Abandonnant le registre de l’intime, Sorj Chalandon n’en délaisse pas pour autant ses thèmes de prédilection dans un récit inspiré d’une histoire vraie.
Une prison qui ferme n’a sans doute que peu de chance de susciter la curiosité d’un reporter de guerre de la trempe de Sorj Chalandon. Encore moins en 1977, alors que la problématique de la surpopulation carcérale n’a pas atteint les proportions démesurées qu’on lui connaît aujourd’hui. La fermeture d’un Centre d’éducation surveillée sort davantage de l’ordinaire, et ce, d’autant plus que le centre en question est situé à Belle-Île-en-Mer. Ajoutez à cela que le bâtiment, après avoir enfermé des Communards, a été transformé en colonie pénitentiaire pour mineurs et vous obtenez un décor parfait pour planter votre nouveau roman.

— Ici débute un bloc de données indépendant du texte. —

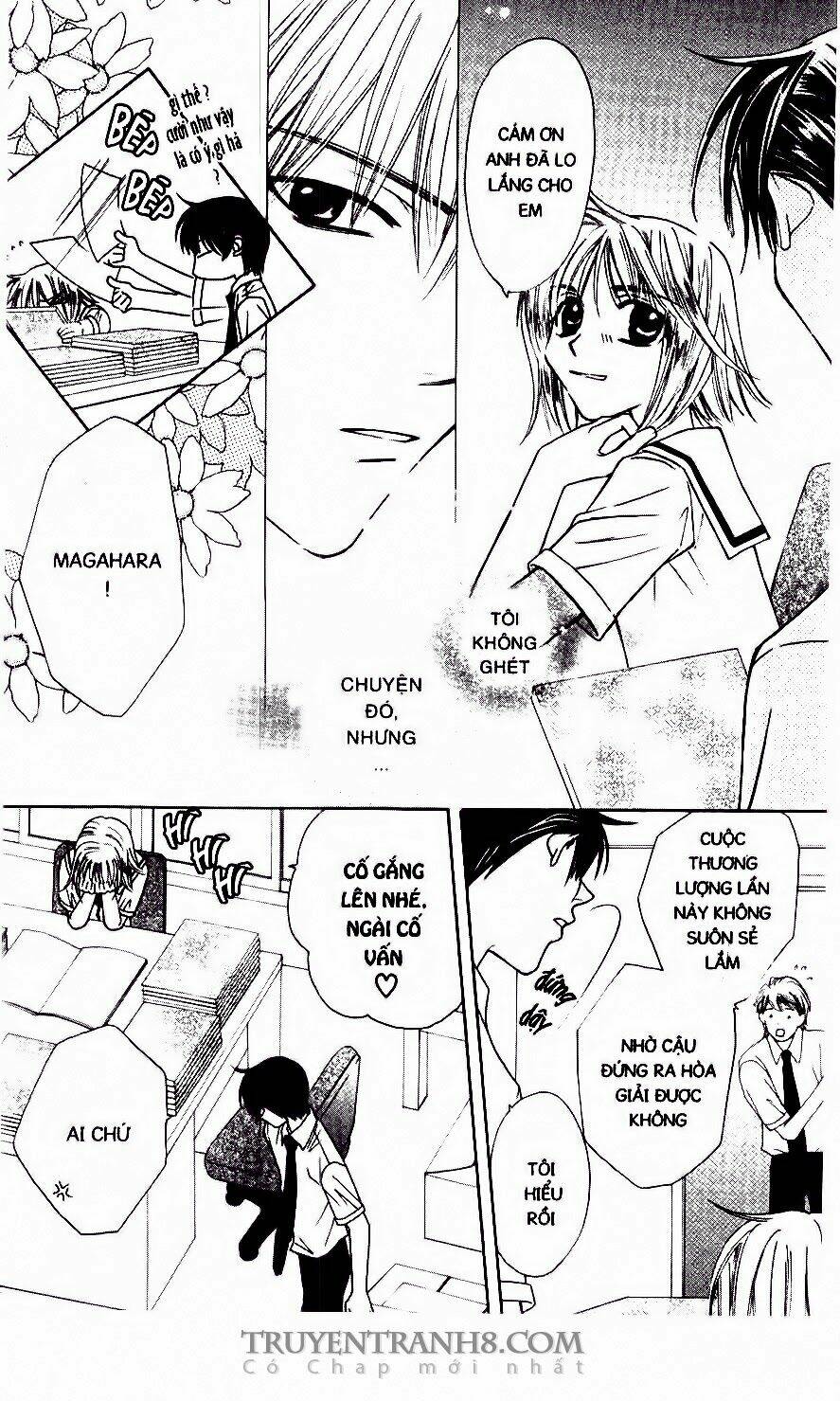 vườn địa đàng chapter 49 31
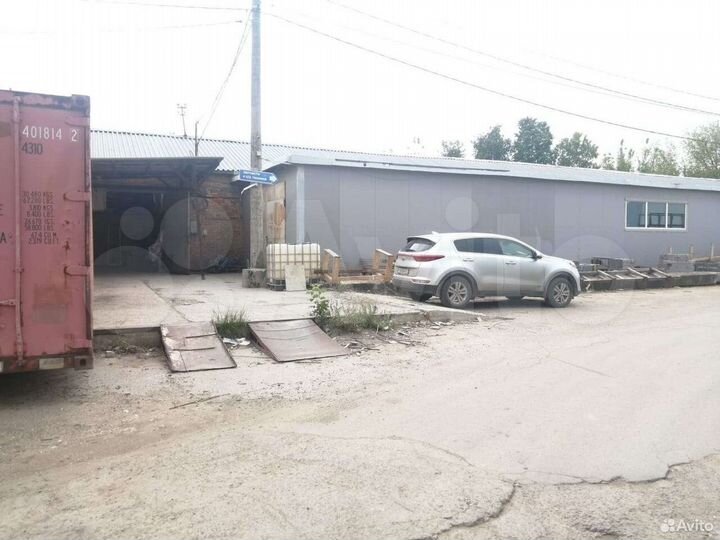 Отапливаемые цеха 175-950 м² Тула, ул.М.Жукова, 5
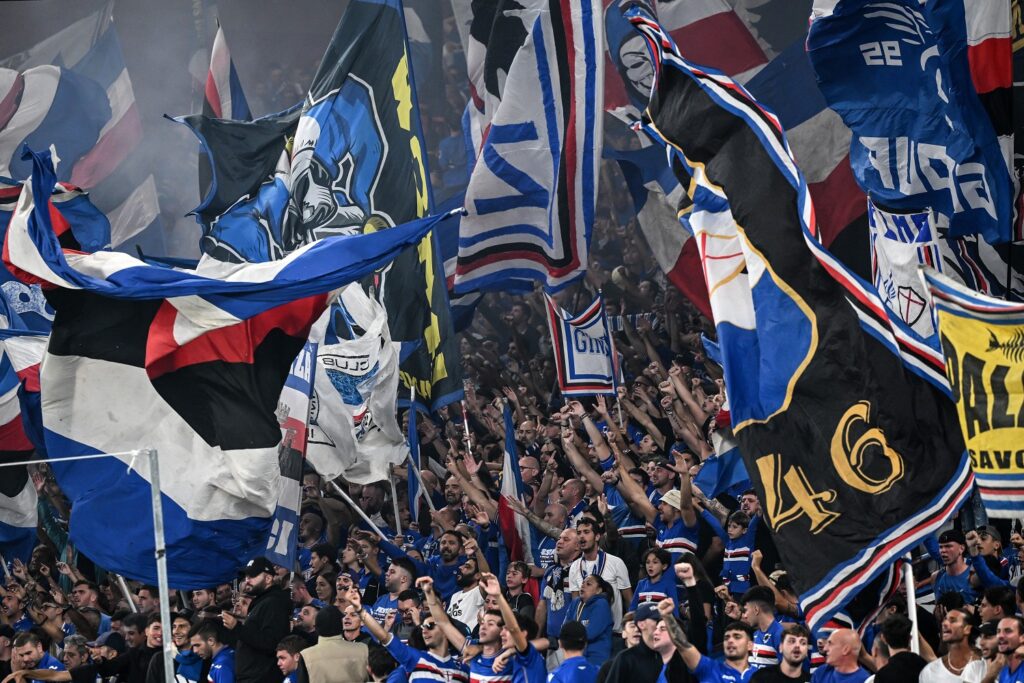 tifosi sampdoria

À Palais, donc, Jules Bonneau, dit “La Teigne”, ronge son frein avec d’autres voyous et petites frappes mais aussi des enfants abandonnés et des orphelins. Entre les murs de ce bagne pour mineurs, règne la loi du plus fort. Brimades, humiliations, expéditions punitives, privations, travail forcé : la violence est constante et, le plus souvent, injustifiée, exercée en toute impunité autant par les gamins entre eux que par l’administration pénitentiaire. Ce que La Teigne, intolérant à l’injustice, a bien du mal à supporter. Alors, quand le 27 août 1934 éclate une mutinerie, il est en première ligne. Échappé, Bonneau saura-t-il ne pas se faire pendre par le personnel du centre, les gendarmes et les habitants de l’île qui chassent les fugitifs ? Encombré, saura-t-il déposer les armes et se défaire d’un passé trop lourd à porter ? Enragé, saura-t-il saisir la main tendue ?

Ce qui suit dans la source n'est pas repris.